CSV writer problem

Hello guys,

I have a trouble with CSV writer node.

I need to write really huge table to csv file.

1.8M rows and 130 columns.

I have 1TB SSD, 32GB RAM, i7 CPU, not bad machine, but it always go only to 29% and after that I wait for example one hour and it has no progress at all and I need to shutdown KNIME. It freeze.

Any idea why? Is table too big?

Thank you guys.

Jiri

Hello @sm0lda,

how many memory have you assigned to KNIME? At first table doesn’t seem big enough to present problems for KNIME and your machine. I have just successfully written out 900.000 rows and 100 columns on less power machine. Have you tried some other writer node for reference? For example Table Writer or new CSV Writer (Labs) node?

Br,
Ivan

Hallo @ipazin,

I tried CSV writer (labs) and have the same. 29% and stuck.

I have 24GB allocated for knime in .ini file -Xmx24576m

That should be enough or?

Any other idea?

It is really shame I finish my transformation within a few minutes, but at the end I can not write output file :slight_smile:

Hello @sm0lda,

Maybe too much in case you are running something else on your machine :smiley:

Weird to stuck at same percentage. Sounds like some data format issue and not memory related. Have you tried Table Writer? Also you can try to split your data into smaller parts and then use CSV Writer to see if there is any data format related problem which causes KNIME to freeze.

Br,
Ivan

1 Like

CSV writer can append data to an existing file. Have you maybe tried to do that in chunks?

1 Like

Hello @mlauber71,

I have identified portion of data causes troubles. If I excluded them csv writer is successful. But I do not know how to deal with those problematic data. It is circa about 80% from total…

well could you tell us more about this data (maybe even provide a sample without spelling secret informations). Are you able to write a small portion of this to a CSV file and how would that look.

Do you absolutely have to use CSV. Somtimes a format like Parquet or ORC might be better suited to handle complex files.

Hello @mlauber71,

thanks for your reply.

Sample file is attached.

test.txt (413.1 KB)

These lines are part of those problematic data. The file contains very few lines just for test purposes, but there was no problem with csv writer.

Thank you

Jiri

I found a hint of what is going on. On my Mac I could read and write your file without issue but I found one strange thing.

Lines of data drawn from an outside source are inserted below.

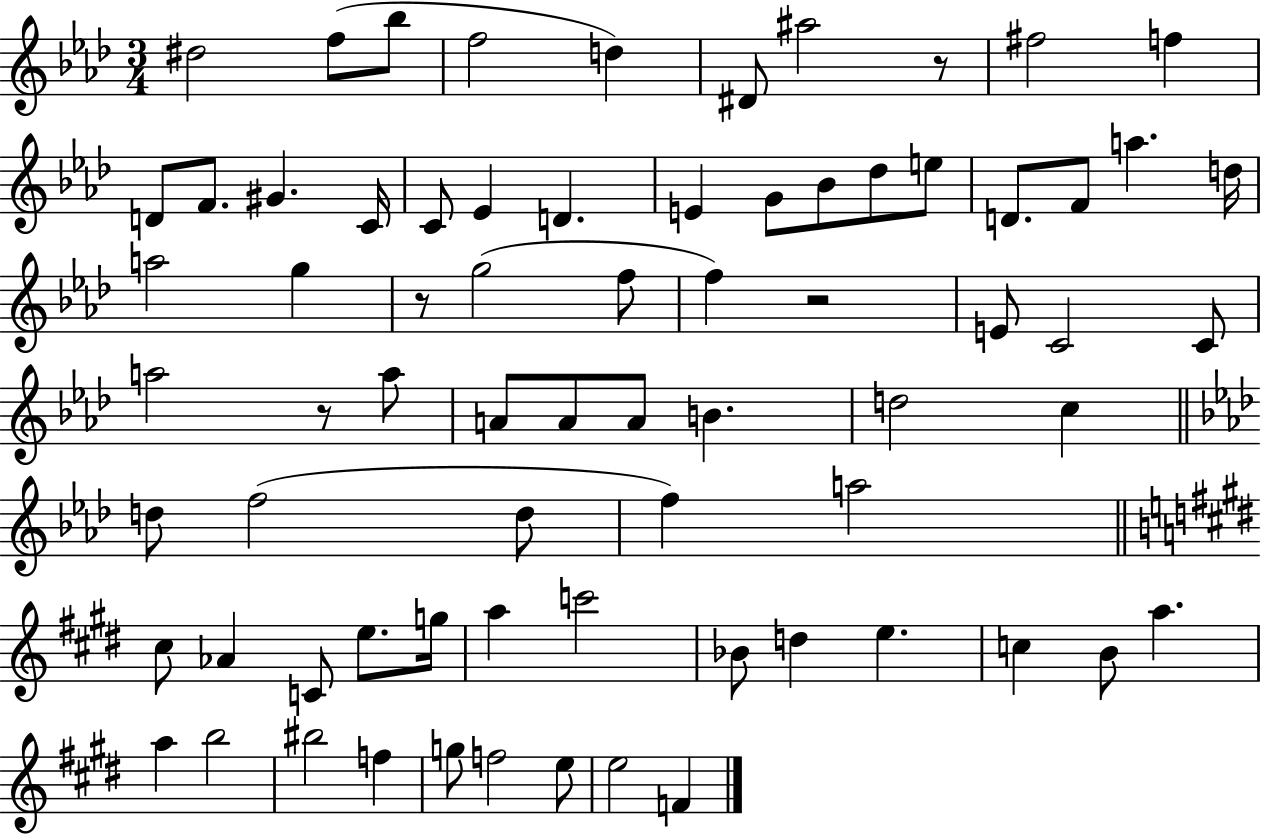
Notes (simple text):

D#5/h F5/e Bb5/e F5/h D5/q D#4/e A#5/h R/e F#5/h F5/q D4/e F4/e. G#4/q. C4/s C4/e Eb4/q D4/q. E4/q G4/e Bb4/e Db5/e E5/e D4/e. F4/e A5/q. D5/s A5/h G5/q R/e G5/h F5/e F5/q R/h E4/e C4/h C4/e A5/h R/e A5/e A4/e A4/e A4/e B4/q. D5/h C5/q D5/e F5/h D5/e F5/q A5/h C#5/e Ab4/q C4/e E5/e. G5/s A5/q C6/h Bb4/e D5/q E5/q. C5/q B4/e A5/q. A5/q B5/h BIS5/h F5/q G5/e F5/h E5/e E5/h F4/q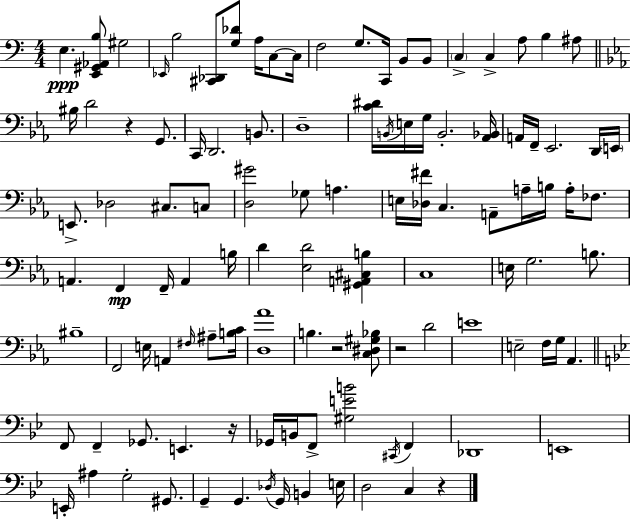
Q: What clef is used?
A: bass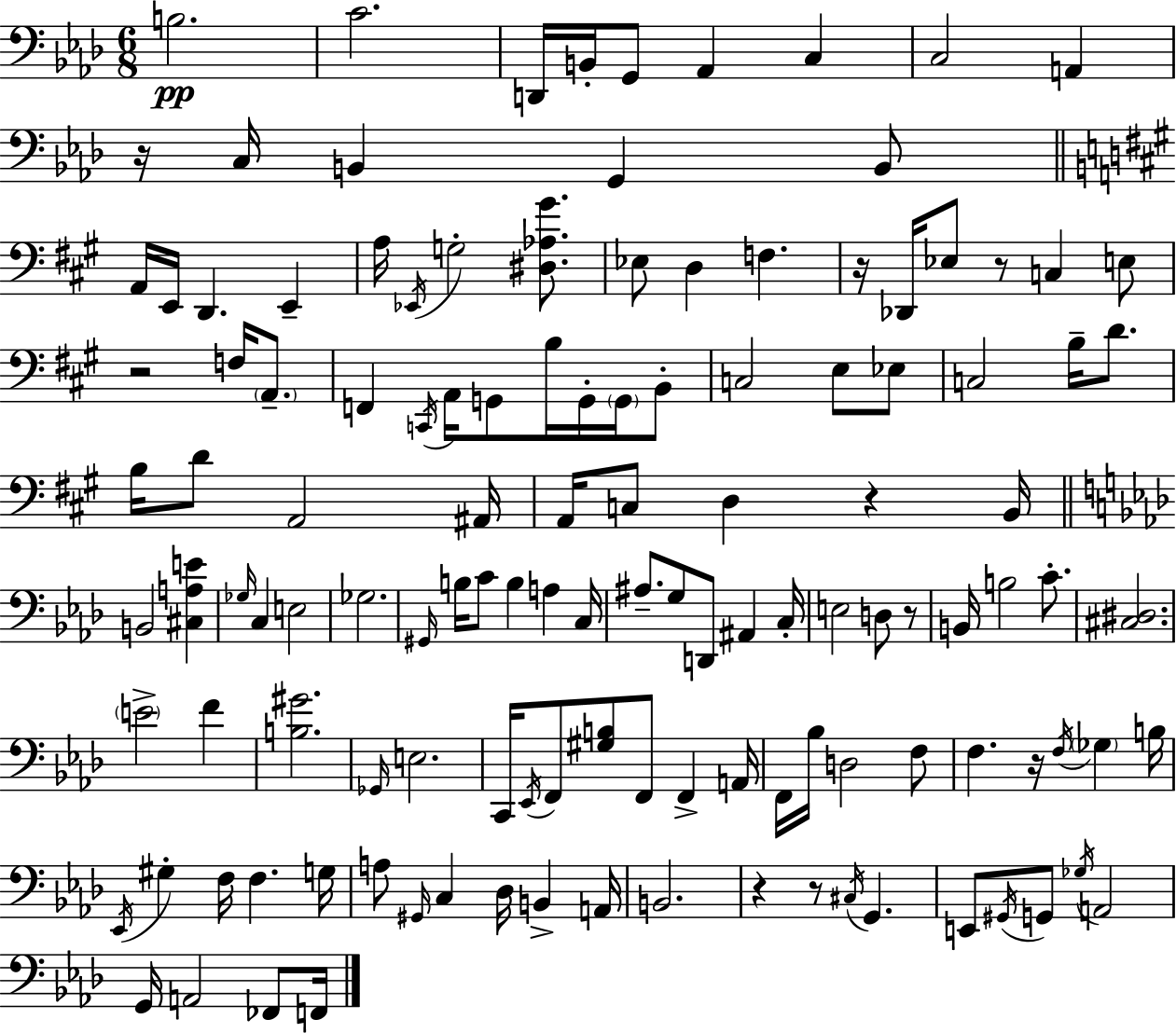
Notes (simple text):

B3/h. C4/h. D2/s B2/s G2/e Ab2/q C3/q C3/h A2/q R/s C3/s B2/q G2/q B2/e A2/s E2/s D2/q. E2/q A3/s Eb2/s G3/h [D#3,Ab3,G#4]/e. Eb3/e D3/q F3/q. R/s Db2/s Eb3/e R/e C3/q E3/e R/h F3/s A2/e. F2/q C2/s A2/s G2/e B3/s G2/s G2/s B2/e C3/h E3/e Eb3/e C3/h B3/s D4/e. B3/s D4/e A2/h A#2/s A2/s C3/e D3/q R/q B2/s B2/h [C#3,A3,E4]/q Gb3/s C3/q E3/h Gb3/h. G#2/s B3/s C4/e B3/q A3/q C3/s A#3/e. G3/e D2/e A#2/q C3/s E3/h D3/e R/e B2/s B3/h C4/e. [C#3,D#3]/h. E4/h F4/q [B3,G#4]/h. Gb2/s E3/h. C2/s Eb2/s F2/e [G#3,B3]/e F2/e F2/q A2/s F2/s Bb3/s D3/h F3/e F3/q. R/s F3/s Gb3/q B3/s Eb2/s G#3/q F3/s F3/q. G3/s A3/e G#2/s C3/q Db3/s B2/q A2/s B2/h. R/q R/e C#3/s G2/q. E2/e G#2/s G2/e Gb3/s A2/h G2/s A2/h FES2/e F2/s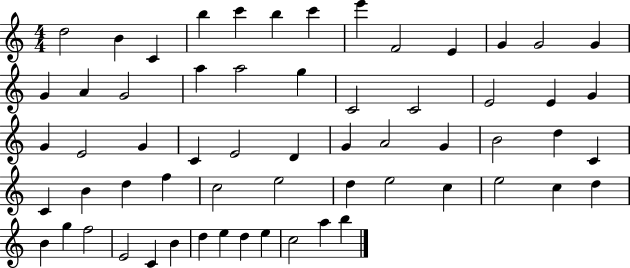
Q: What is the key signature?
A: C major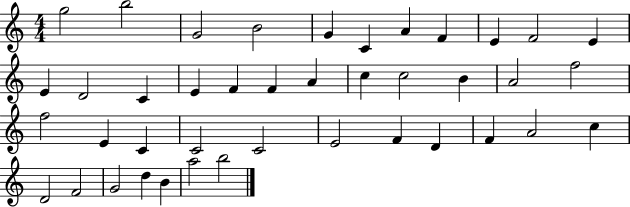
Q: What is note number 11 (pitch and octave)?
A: E4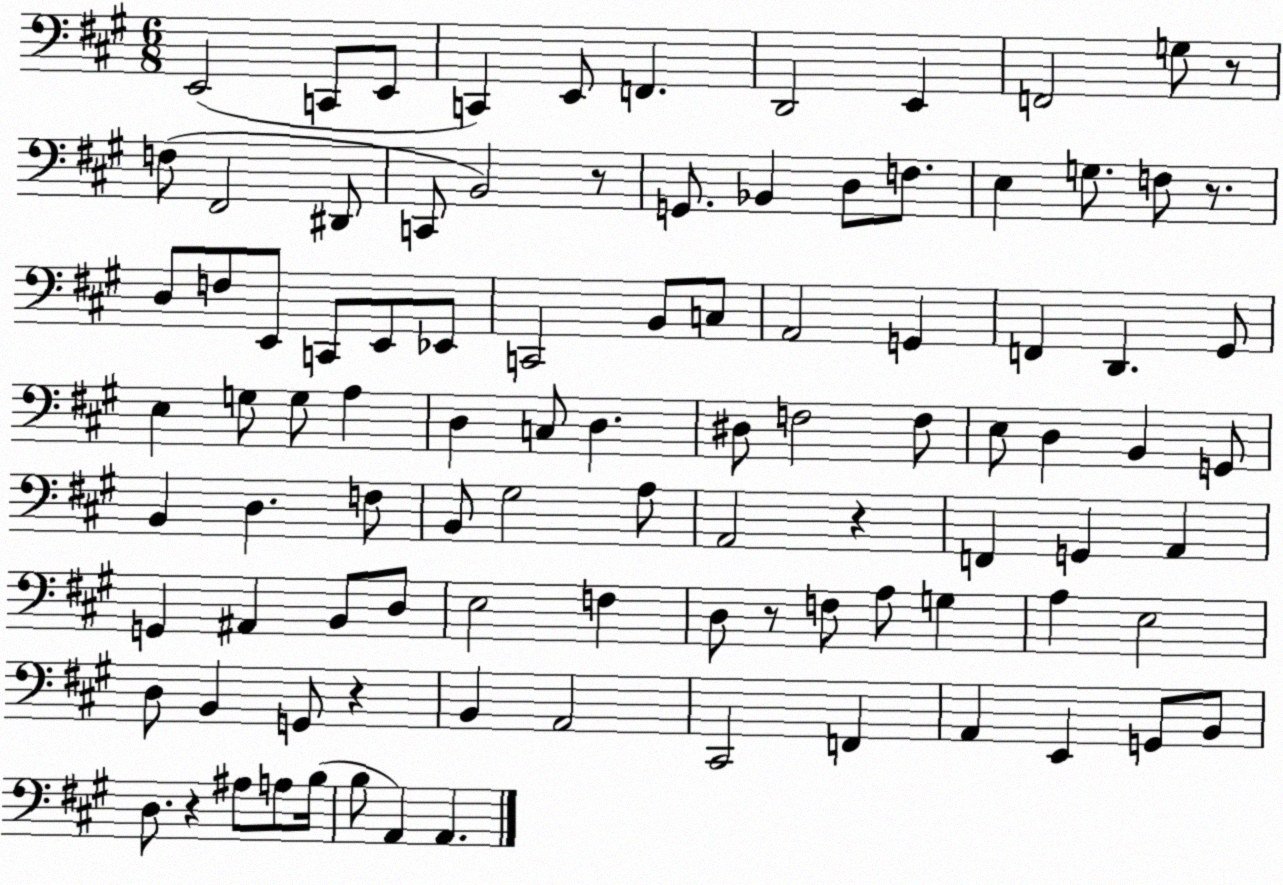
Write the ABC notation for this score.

X:1
T:Untitled
M:6/8
L:1/4
K:A
E,,2 C,,/2 E,,/2 C,, E,,/2 F,, D,,2 E,, F,,2 G,/2 z/2 F,/2 ^F,,2 ^D,,/2 C,,/2 B,,2 z/2 G,,/2 _B,, D,/2 F,/2 E, G,/2 F,/2 z/2 D,/2 F,/2 E,,/2 C,,/2 E,,/2 _E,,/2 C,,2 B,,/2 C,/2 A,,2 G,, F,, D,, ^G,,/2 E, G,/2 G,/2 A, D, C,/2 D, ^D,/2 F,2 F,/2 E,/2 D, B,, G,,/2 B,, D, F,/2 B,,/2 ^G,2 A,/2 A,,2 z F,, G,, A,, G,, ^A,, B,,/2 D,/2 E,2 F, D,/2 z/2 F,/2 A,/2 G, A, E,2 D,/2 B,, G,,/2 z B,, A,,2 ^C,,2 F,, A,, E,, G,,/2 B,,/2 D,/2 z ^A,/2 A,/2 B,/4 B,/2 A,, A,,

If you open the file in a editor you find these strange line breaks or so it seems. If you export this and read it back (with word) you find a strange little dot.

If you try to identify this with this

You get a small grey dot which results in

U+00B7 : MIDDLE DOT {midpoint (in typography); Georgian comma; Greek middle dot (ano teleia)}
U+200B : ZERO WIDTH SPACE [ZWSP]

So it seems you might have some strange characters in your data that some systems might struggle to process. You might have to investigate further of clean your data.

3 Likes

Hello!

Nice one @mlauber71 :+1:

Maybe try different encoding @sm0lda?

Br,
Ivan

1 Like

Hello guys,

thanks to all of you for a help. I played with encoding and all everything around and I was able to write more then before, but the problem is really huge amount of data. CSV file on output has at stage of 8% more 200GB so this is not a good way… I have to change my structure etc.

Thanks for your help!

Jiri

2 Likes

Hello @sm0lda,

glad to hear you made some progress. Well huge amounts of data do require proper storage like database or cloud…

Br,
Ivan

Hi @all,

i read the example file with using different applications including csv reader node. I cannot find any issue with it. Maybe there are specific OS-settings which are responsible for that issue.

BR

1 Like

Hi @ipazin,

DB is trouble due to my homeoffice and VPN which is not fast and stable enough.

It is impossible to push so huge amount of data through VPN to our DB.

Jiri

Hi @sm0lda,

in that case external hard disk might be solution.

Br,
Ivan

You could try to stream as much as possible of your workflow in order to lower the memory pressure.

Best
Mark

1 Like

If you employ big data techniques you could write the data out in chunks into CSV or parquet files and later access them with a Hive external table. I am not sure how KNIME would handle it if you would try to access a large number of such files with the local Big Data environment but in general big data techniques have been developed to deal with this scenario. The single files could be sent each at a time and at the end they would come together as one.

But I don’t know you setting concerning the (remote?) database.

Thanks all for a help. I have reorganized my flow, data model and now I dropped down with data volumy by 90%, so problem solved :slight_smile:

Thread could be closed.

Jiri

2 Likes

Hello @sm0lda,

wow! 90% not bad :+1:

You can mark any reply (including your own) as a solution and thread will be closed automatically 7 days after last reply :wink:

Br,
Ivan

1 Like

The whole idea and logic got changed and after I use compression CSV to QVD files for QlikView and from GBs I am on MBs, so it is probably more than 90%

Jiri

2 Likes